◆ WHAT YOU HAVE TO DO
Below are entries; copy exactly, and only, the lines from the one containing "Туя західна Хосері" through their final line, leaving out pictures.

◆ SUPPLIED RECORDS
□ □ □

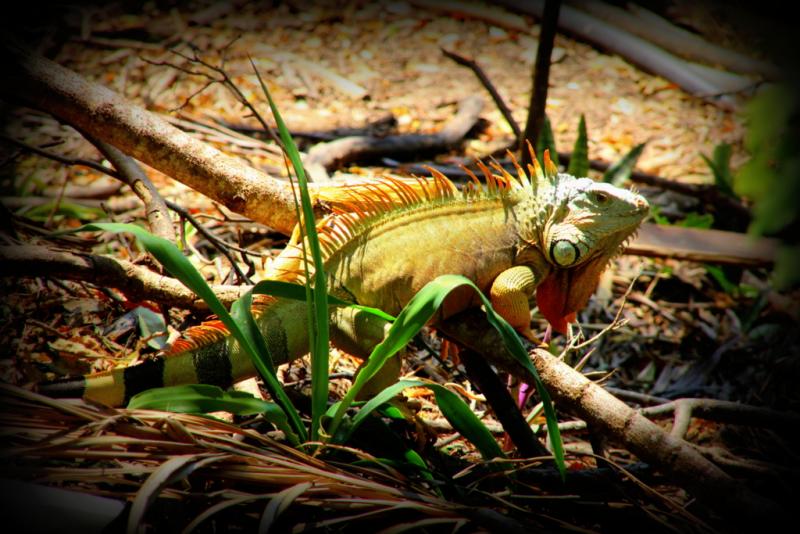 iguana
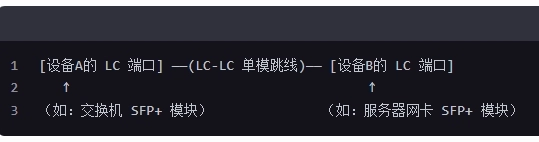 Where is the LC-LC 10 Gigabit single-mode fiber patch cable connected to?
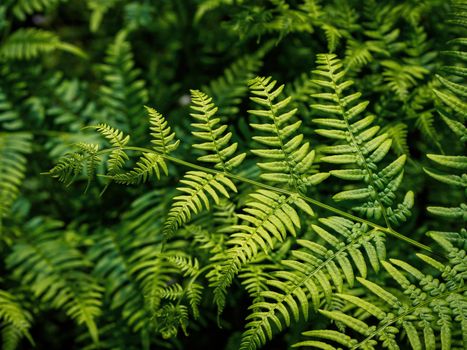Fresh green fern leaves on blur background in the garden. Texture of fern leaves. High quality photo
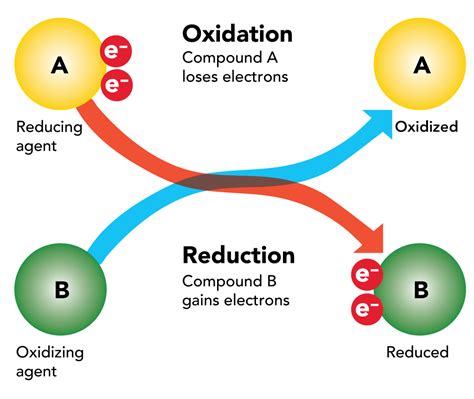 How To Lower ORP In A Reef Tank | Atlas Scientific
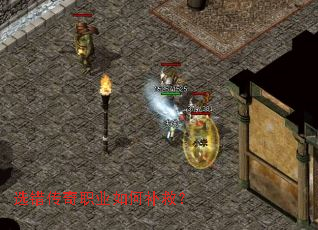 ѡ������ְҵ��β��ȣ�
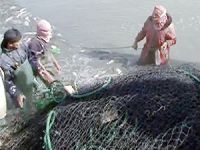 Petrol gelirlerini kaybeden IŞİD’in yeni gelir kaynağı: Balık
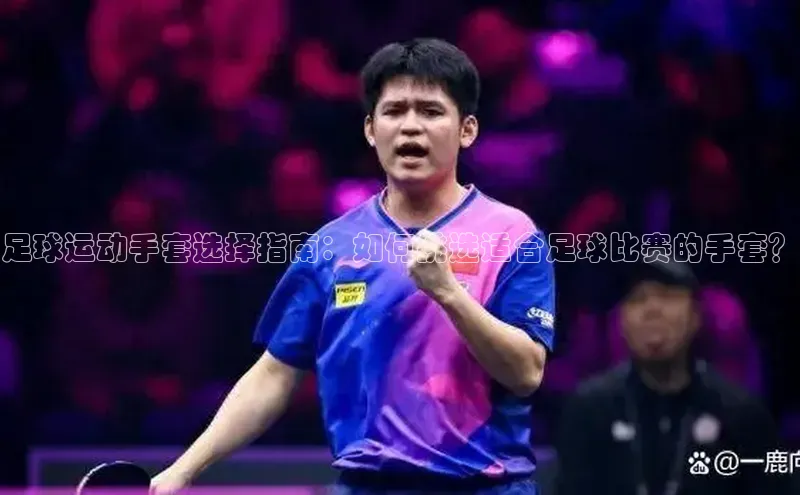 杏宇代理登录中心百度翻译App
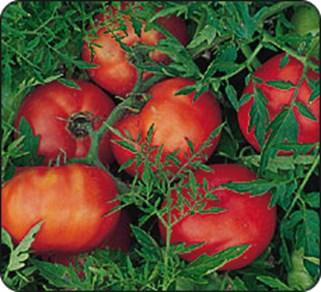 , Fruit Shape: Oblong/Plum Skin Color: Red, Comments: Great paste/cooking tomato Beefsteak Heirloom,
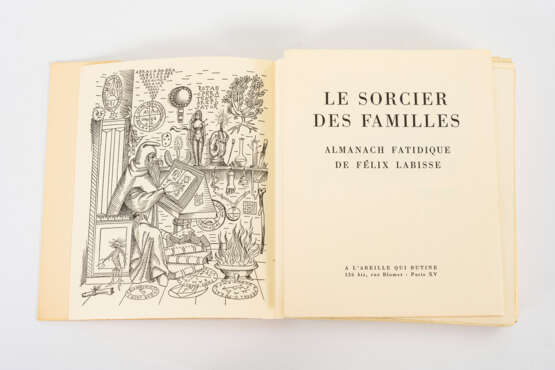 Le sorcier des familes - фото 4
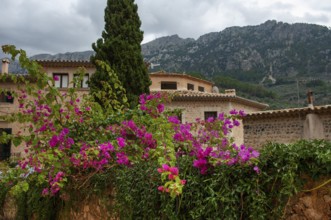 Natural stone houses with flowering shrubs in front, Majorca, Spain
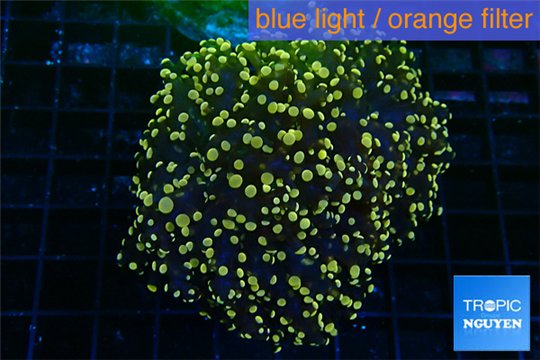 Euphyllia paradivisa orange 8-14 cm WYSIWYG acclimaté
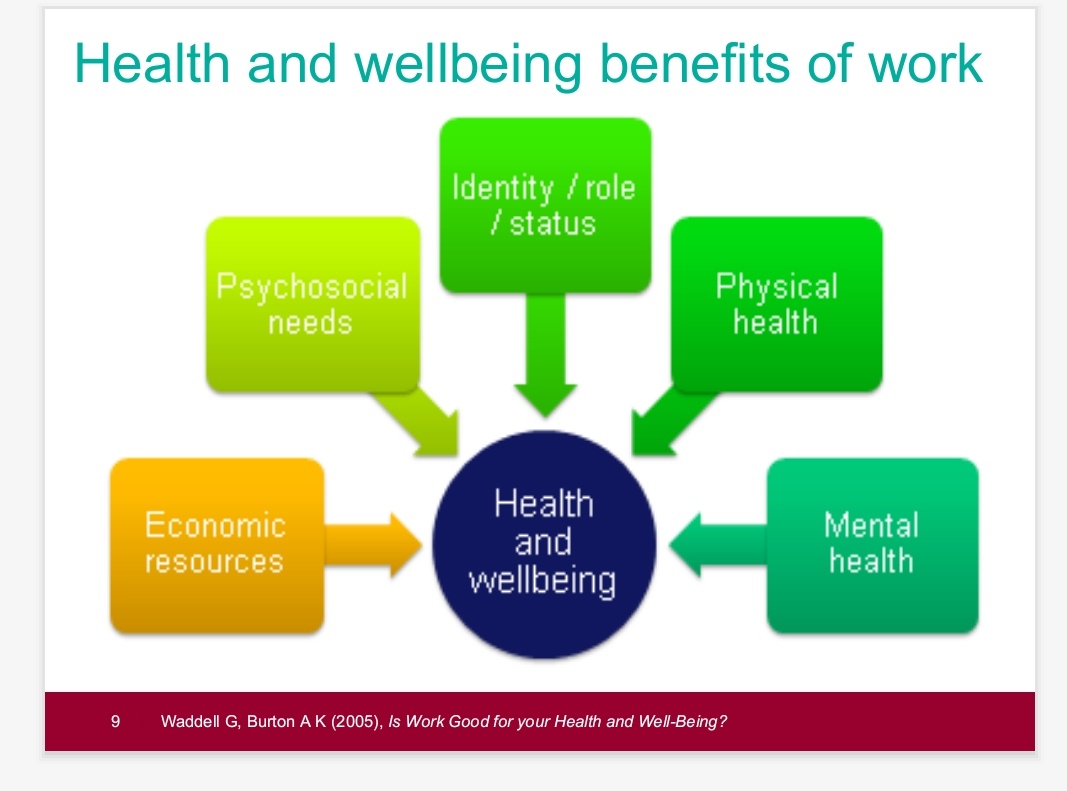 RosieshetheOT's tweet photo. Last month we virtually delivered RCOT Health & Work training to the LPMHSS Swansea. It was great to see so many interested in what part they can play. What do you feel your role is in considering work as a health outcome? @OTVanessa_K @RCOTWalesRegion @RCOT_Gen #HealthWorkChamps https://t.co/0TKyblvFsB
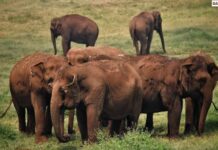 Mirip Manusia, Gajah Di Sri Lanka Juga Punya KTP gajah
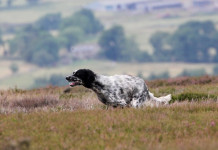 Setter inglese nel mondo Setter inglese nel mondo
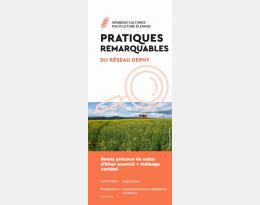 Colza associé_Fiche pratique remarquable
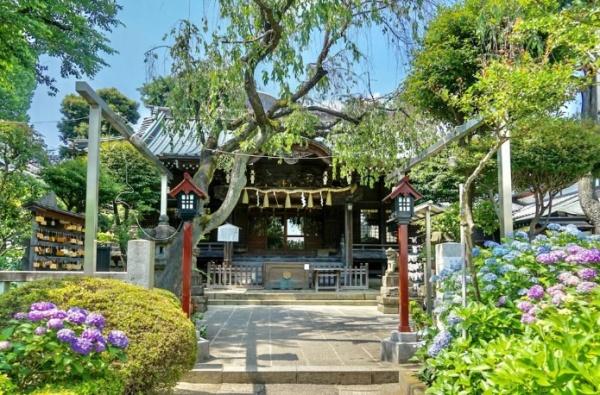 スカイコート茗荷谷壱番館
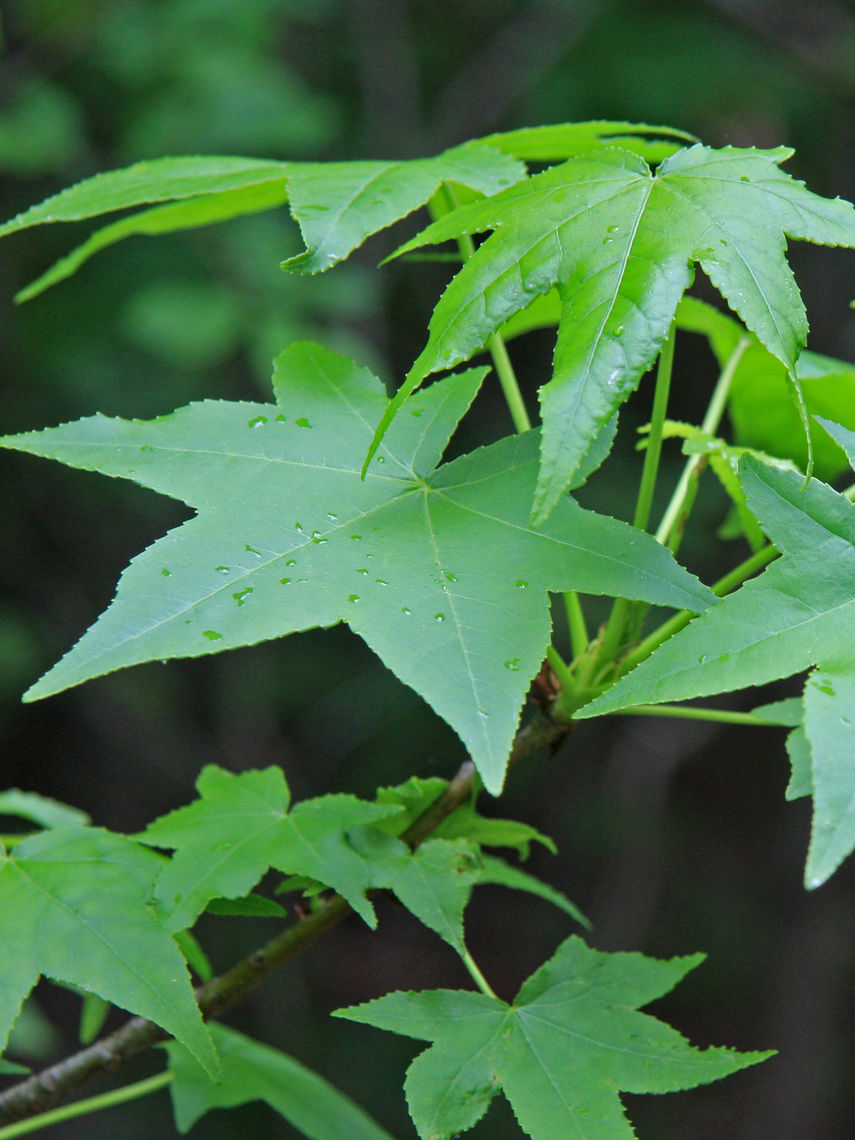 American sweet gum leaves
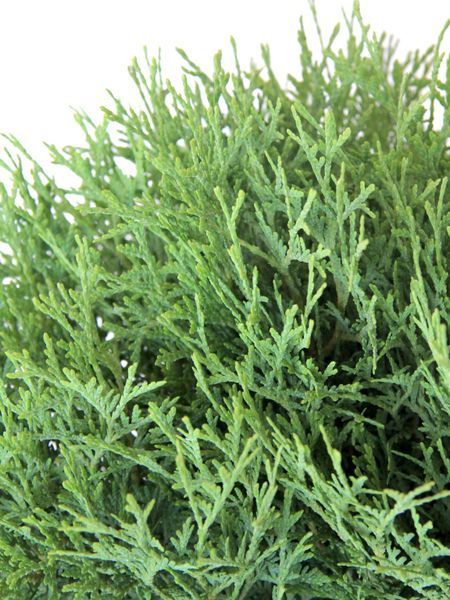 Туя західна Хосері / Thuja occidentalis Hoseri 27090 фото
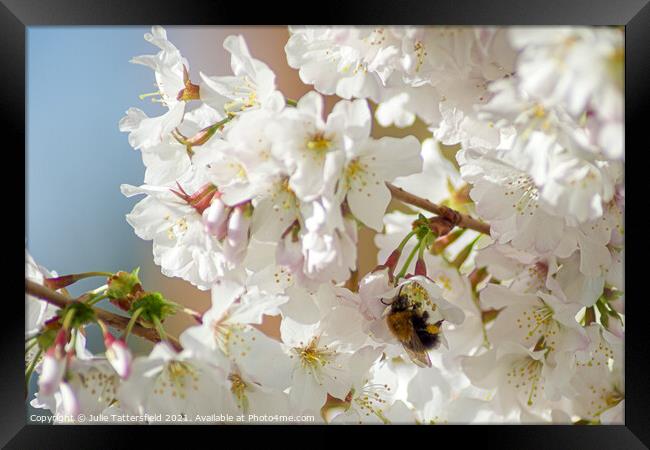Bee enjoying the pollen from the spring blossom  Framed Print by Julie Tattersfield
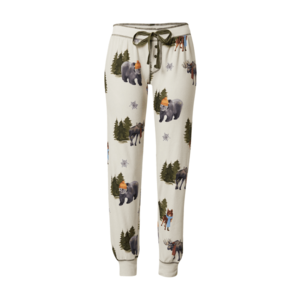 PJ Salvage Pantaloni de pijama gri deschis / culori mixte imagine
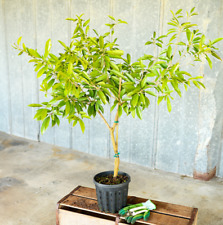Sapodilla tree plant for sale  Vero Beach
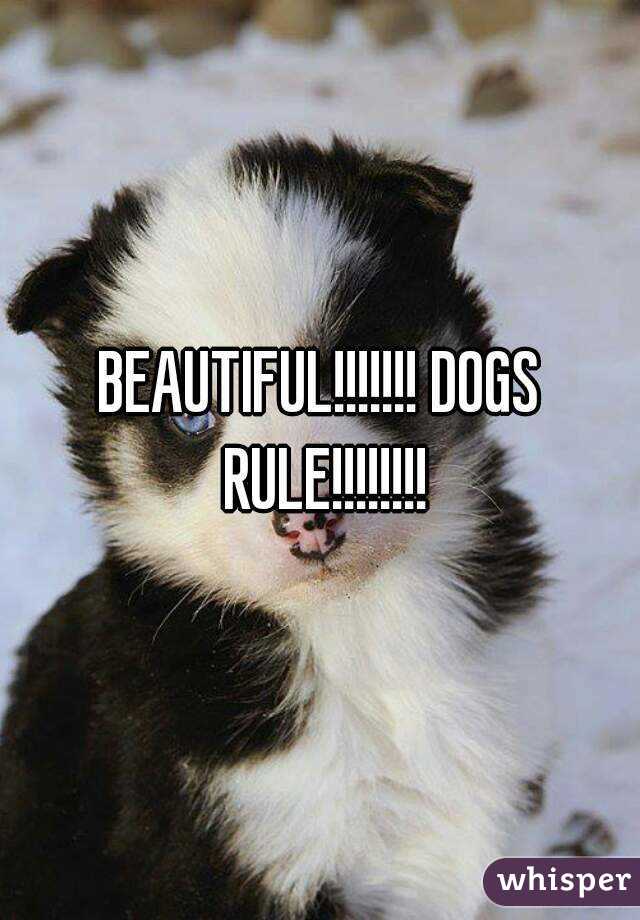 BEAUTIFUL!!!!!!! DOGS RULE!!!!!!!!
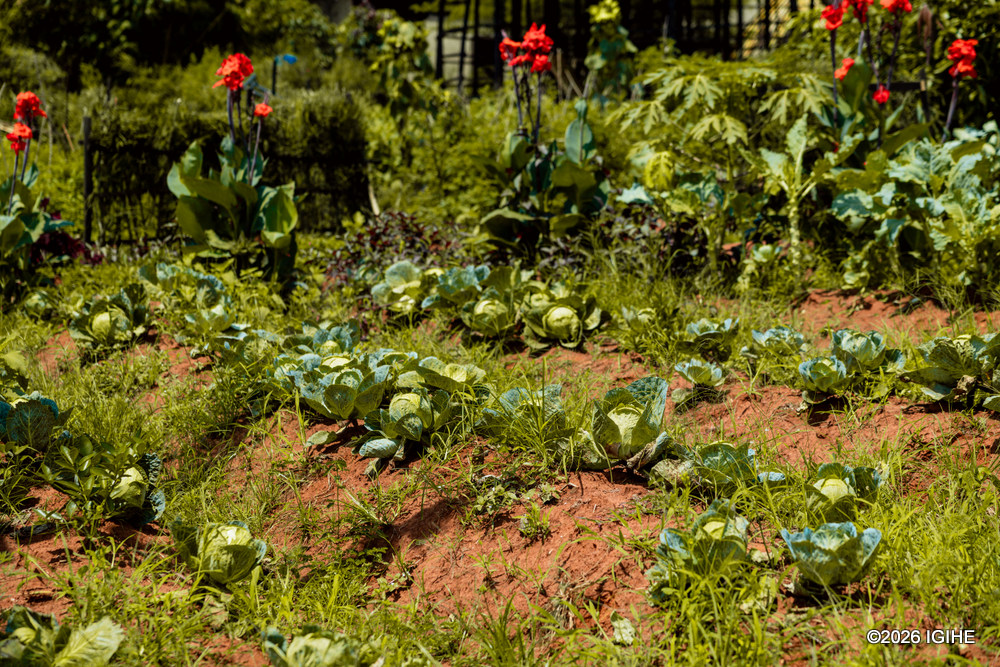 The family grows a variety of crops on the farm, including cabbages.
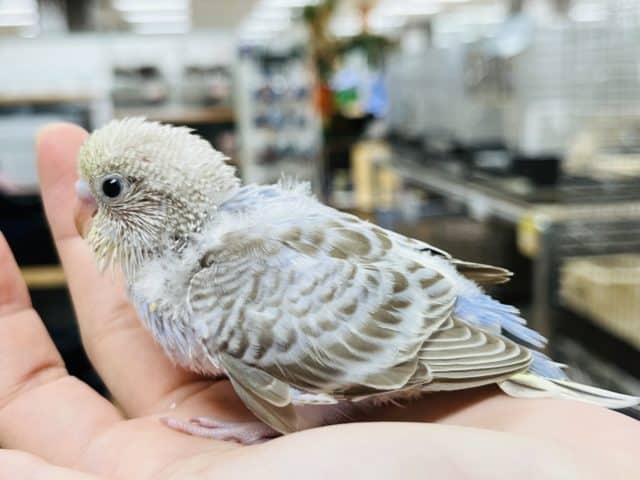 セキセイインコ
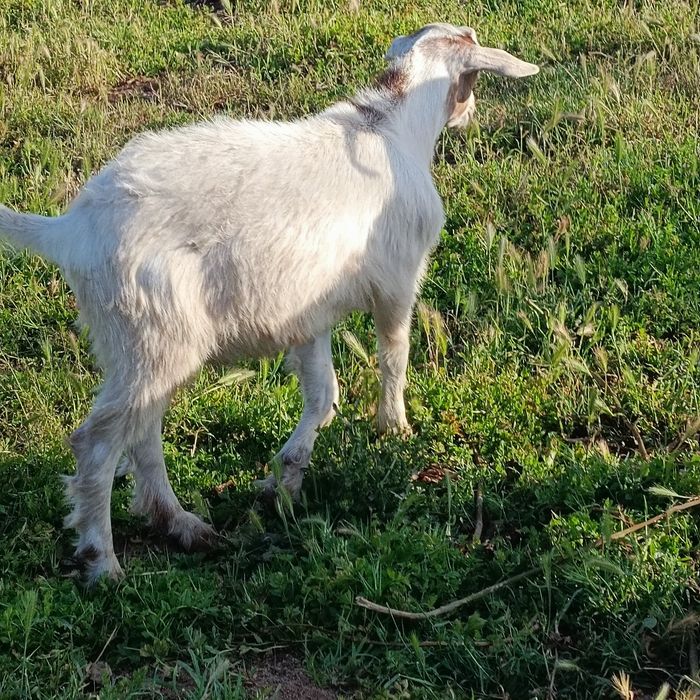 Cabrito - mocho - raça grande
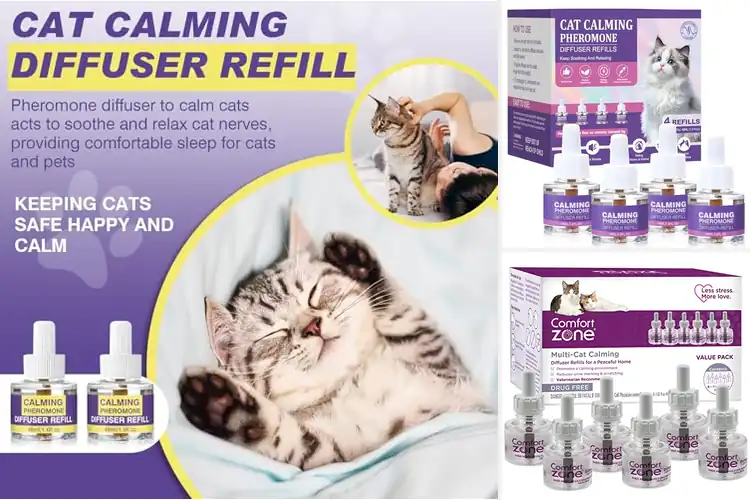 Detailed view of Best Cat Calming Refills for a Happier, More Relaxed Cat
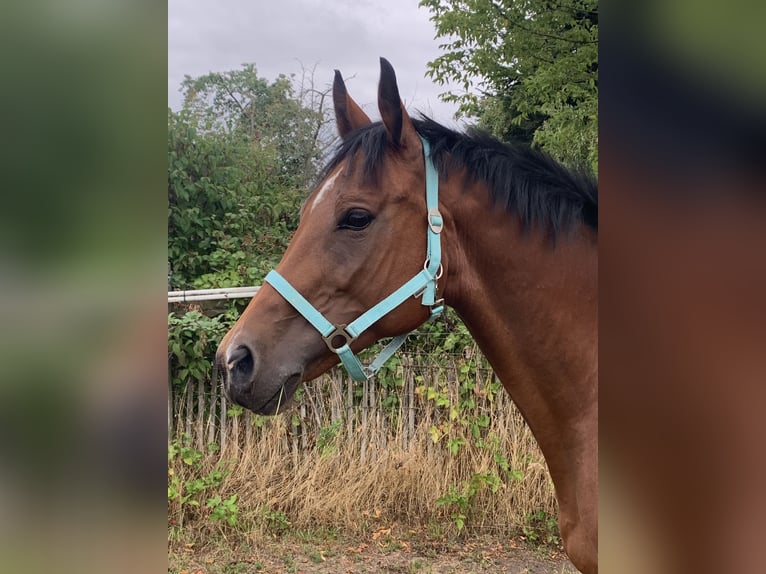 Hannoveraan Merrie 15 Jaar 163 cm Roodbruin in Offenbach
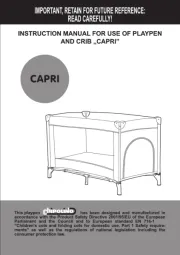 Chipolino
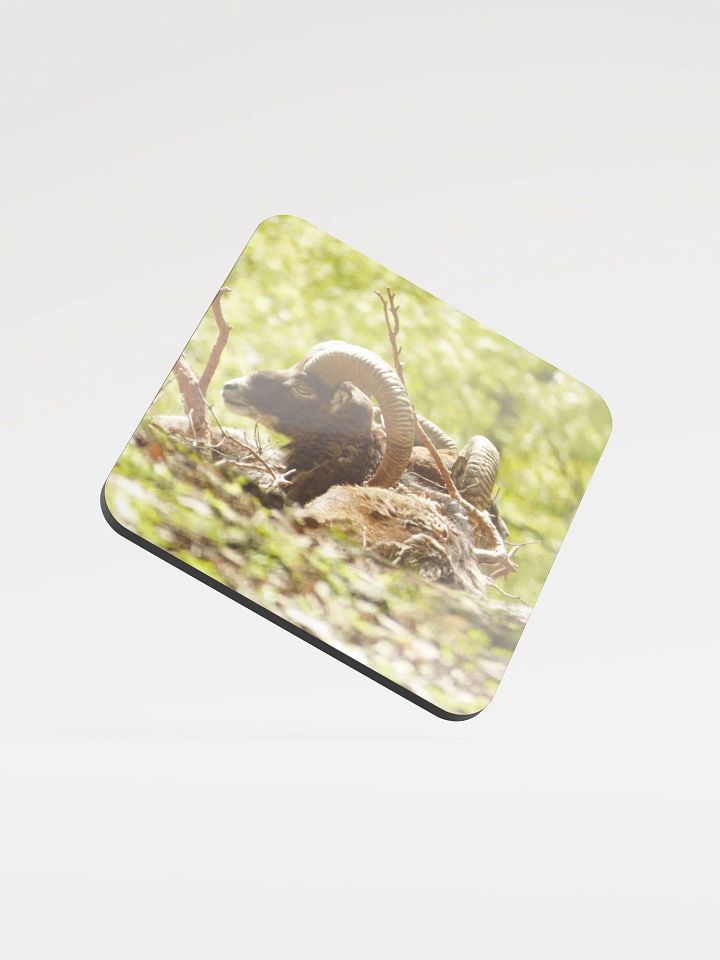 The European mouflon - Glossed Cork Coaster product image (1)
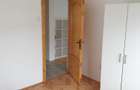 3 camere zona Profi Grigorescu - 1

□ □ □

◆ WRITTEN RESPONSE
 Туя західна Хосері / Thuja occidentalis Hoseri 27090 фото
Bee enjoying the pollen from the spring blossom  Framed Print by Julie Tattersfield
 PJ Salvage Pantaloni de pijama gri deschis / culori mixte imagine
Sapodilla tree plant for sale  Vero Beach
 BEAUTIFUL!!!!!!! DOGS RULE!!!!!!!!
 The family grows a variety of crops on the farm, including cabbages.
 セキセイインコ
 Cabrito - mocho - raça grande
 Detailed view of Best Cat Calming Refills for a Happier, More Relaxed Cat
 Hannoveraan Merrie 15 Jaar 163 cm Roodbruin in Offenbach
 Chipolino
 The European mouflon - Glossed Cork Coaster product image (1)
 3 camere zona Profi Grigorescu - 1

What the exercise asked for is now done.